Not that they didn’t try. Alleged members of the mysterious “Black Bloc” group — reported anarchists bent on violence and destruction — did march a lot with the peaceful protestors and gave members of the Chicago Police Department a good workout as they scurried from block to block. And, tensions certainly were frayed Sunday afternoon as a small contingent of protestors tried to crash police lines near McCormick Place, the site of the Summit.
But Chicago survived and now we can look forward to rubbing elbows with other visitors — like those who come here to shop, eat, take a boat ride and just enjoy the merits of a true American world-class metropolis.
As a former newsman, I followed the events leading up to and through the Summit because, well, I like to know what’s going on. In my current position with a local real estate association, I had to know what’s going on in order to communicate updates to our members. On Friday, I took this image at the National Nurses United rally held in the Daley Center, a few blocks from our offices.
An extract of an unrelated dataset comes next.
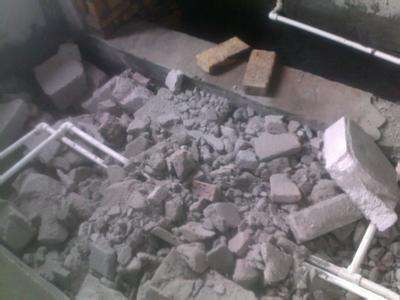 建筑废渣回填卫生间,可靠吗?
The weather was ideal, and for the most part the rally was an outstanding example of Americans exercising their First Amendment rights in a peaceful, respectful way. Then some from fringe groups marched and chanted, leading police on the first of many cat and mouse games that took place over the past few days in and around the central business district.
I opted to head to the office Sunday — the day of the biggest sanctioned rally — to help with communications. If the near chaos that somewhat defined the 1968 Democratic Convention here was going to repeat, it would happen Sunday. As you may have read, it didn’t happen.
Below are a few shots I took along LaSalle Street, Chicago’s financial center, at midday on Sunday. A relatively serene scene.
In the year or so since President Obama announced Chicago would host the Summit, there were lots of people complaining about madness the event would cause. Not me. Great things happen only when you take risks and face challenges head-on.
Here in Chicago, the police, the business community and the people, were prepared. Some were inconvenienced and many businesses took a financial hit through lost revenues or extra security expenses.
For a couple of days, Chicago danced on the world stage, and we looked pretty good. I kind of miss the drama, but glad to be back to normal.